INFORMATION PROVIDED START

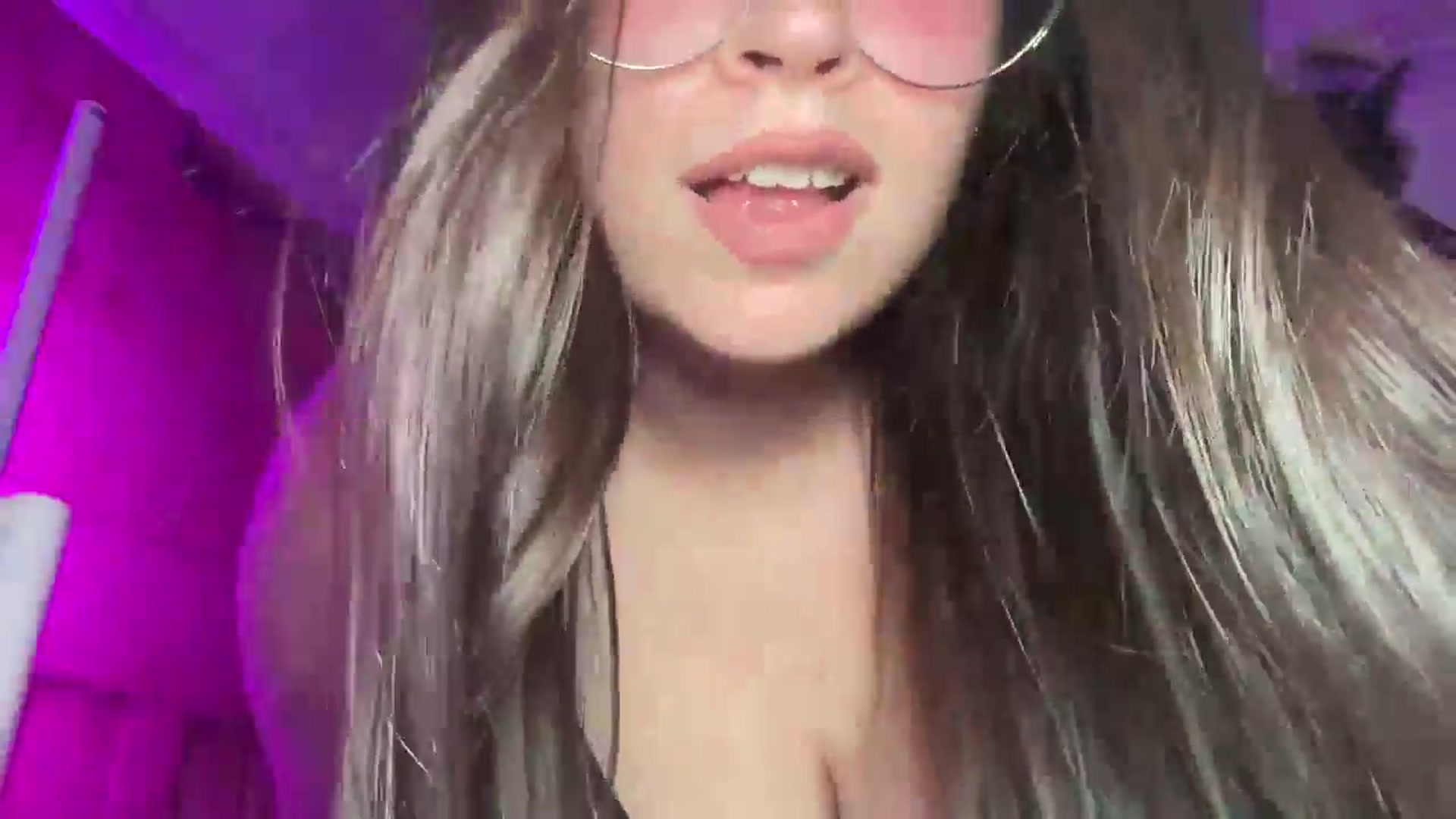 Gallery image thumbnail from Hasymura's myfreecams stream on, 12/09/2025, 23:39 image 17 of 20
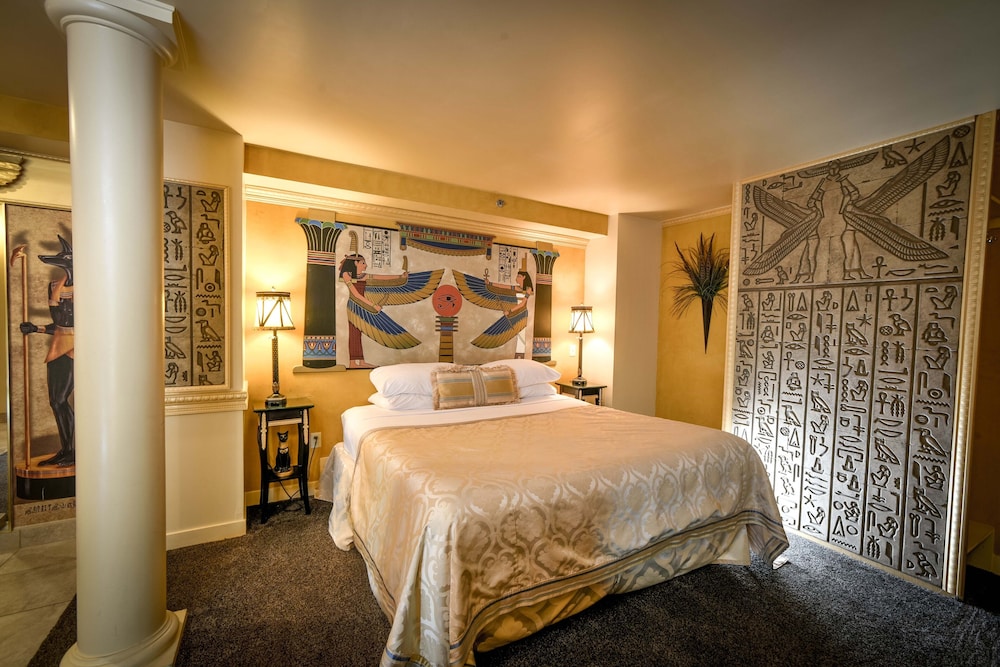 Court, King Bed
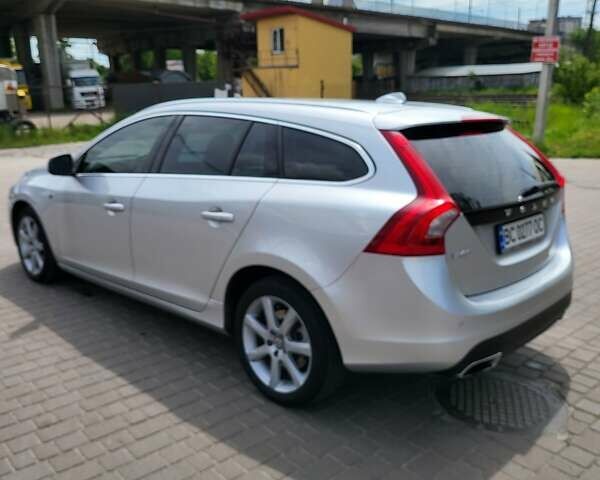 Серый Вольво B60, объемом двигателя 2 л и пробегом 75 тыс. км за 14100 $, фото 6 на Automoto.ua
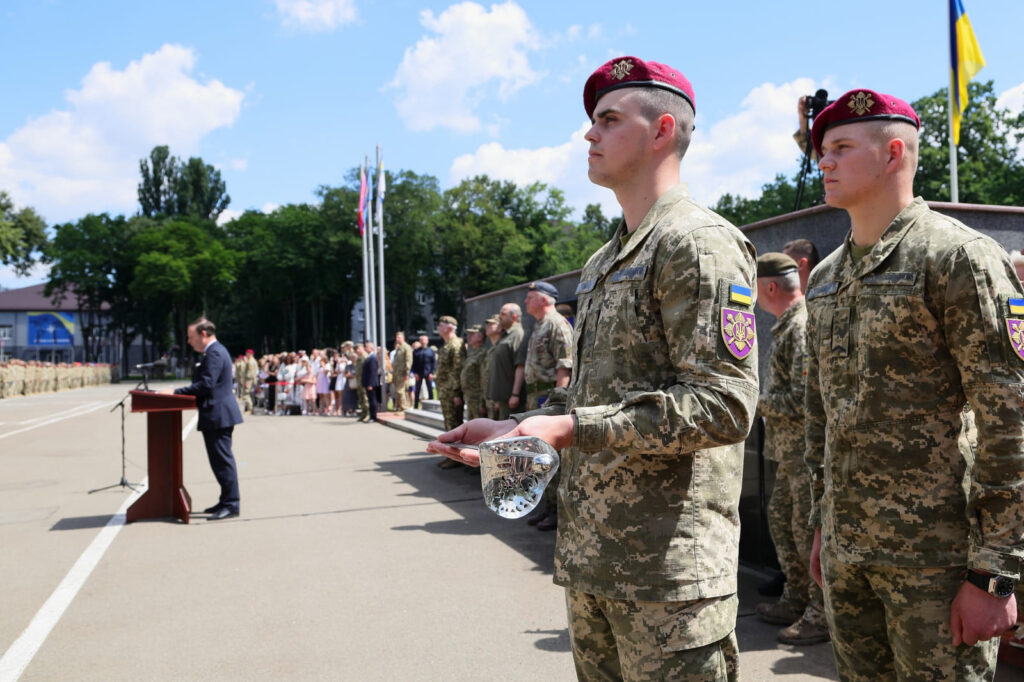 Сьогодні відбувся випуск офіцерів у Національному університеті оборони: серед випускників є і прикарпатські «едельвейси» ФОТОРЕПОРТАЖ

INFORMATION PROVIDED END

Without any of the pictures, reproduce the listing above exactly.

### ANSWER SECTION
 Gallery image thumbnail from Hasymura's myfreecams stream on, 12/09/2025, 23:39 image 17 of 20
 Court, King Bed
 Серый Вольво B60, объемом двигателя 2 л и пробегом 75 тыс. км за 14100 $, фото 6 на Automoto.ua
 Сьогодні відбувся випуск офіцерів у Національному університеті оборони: серед випускників є і прикарпатські «едельвейси» ФОТОРЕПОРТАЖ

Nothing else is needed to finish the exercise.